Un 80e organe découvert dans le corps humain qui pourrait aider à lutter contre le cancer

Une étude révèle la présence de l’interstitium, potentiellement le plus grand de nos organes, resté invisible jusqu’à aujourd’hui à cause des techniques de microscopie utilisées. Une découverte qui pourrait expliquer la propagation de certains cancers.

Par Tiffany Sales. Photo : Pinterest. |

Après la découverte d'un 79e organe, le mésentère (présent dans le système digestif), en janvier 2017, un 80e organe a aujourd'hui été découvert par des chercheurs américains : l’interstitium. Potentiellement le plus gros organe du corps humain. Cette couche de tissus retrouvée sous la surface de la peau et le long du système digestif, des poumons et des voies urinaires, autour des artères et des veines, et entre les muscles, était déjà connue des chercheurs. Mais une étude américaine, publiée le 27 mars 2018 dans la revue Scientific Reports, révèle que cette dernière n’est pas « compacte » comme les scientifiques le pensaient. Il s’agit en réalité d’un vaste système interconnecté de compartiments remplis de fluide et soutenus par un réseau de protéines fortes (collagène) et flexibles (élastine).

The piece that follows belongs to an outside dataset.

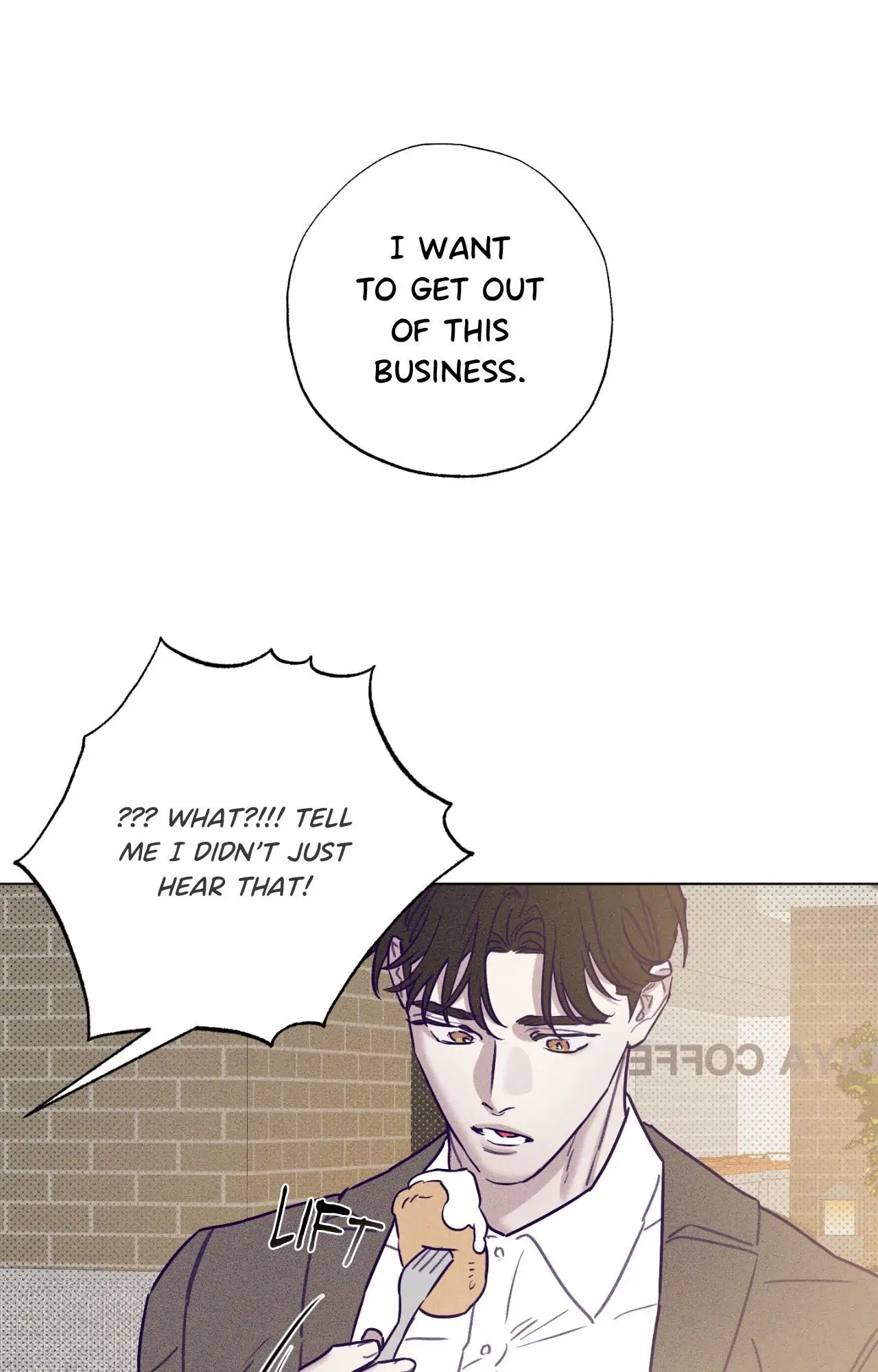 Prison Breakfast - Chapter 48 Page 30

Si cela n'avait pas été découvert jusqu'ici, c'est parce que la méthode traditionnelle de préparation des lames de microscope détruisait la structure de l'organe. En effet, lorsque les scientifiques préparent des échantillons de tissus pour ces lames, ils traitent les échantillons avec des produits chimiques, les découpent en fines tranches et les colorent pour mettre en évidence leurs caractéristiques. « Mais ce processus de fixation évacue le fluide et provoque l'effondrement des nouveaux espaces remplis de fluide »explique le site LiveScience.

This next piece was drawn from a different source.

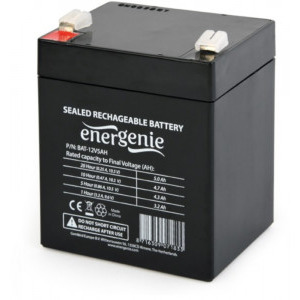 Gembird BAT-12V5AH 5A 12V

Les résultats de cette étude s’appuient donc sur une technologie plus adaptée : l'endomicroscopie confocale à base de sonde, permettant une observation cellulaire en temps réel en visant une lumière laser sur les tissus vivants.

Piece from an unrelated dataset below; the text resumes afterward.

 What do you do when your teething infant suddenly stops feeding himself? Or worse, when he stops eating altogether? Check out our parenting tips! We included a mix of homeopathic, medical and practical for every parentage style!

Une avancée dans la lutte contre le cancer

Cette structure « interstitielle » qui devra d'abord être validée comme véritable organe par la communauté scientifique, pourrait apporter un éclairage nouveau sur « la fonction de tous les organes, de la plupart des tissus et des mécanismes de la plupart des maladies majeures ». Notamment le cancer. Car « cette couche est une autoroute de fluide en mouvement », explique le communiqué, ce qui pourrait aider le cancer qui l'envahit à se propager dans tout le corps.

Une découverte qui pourrait conduire à des avancées spectaculaires en médecine, « comme la possibilité d'échantillonner directement du liquide interstitiel et en faire un puissant outil de diagnostic », explique Neil Theise, cité par The Independent.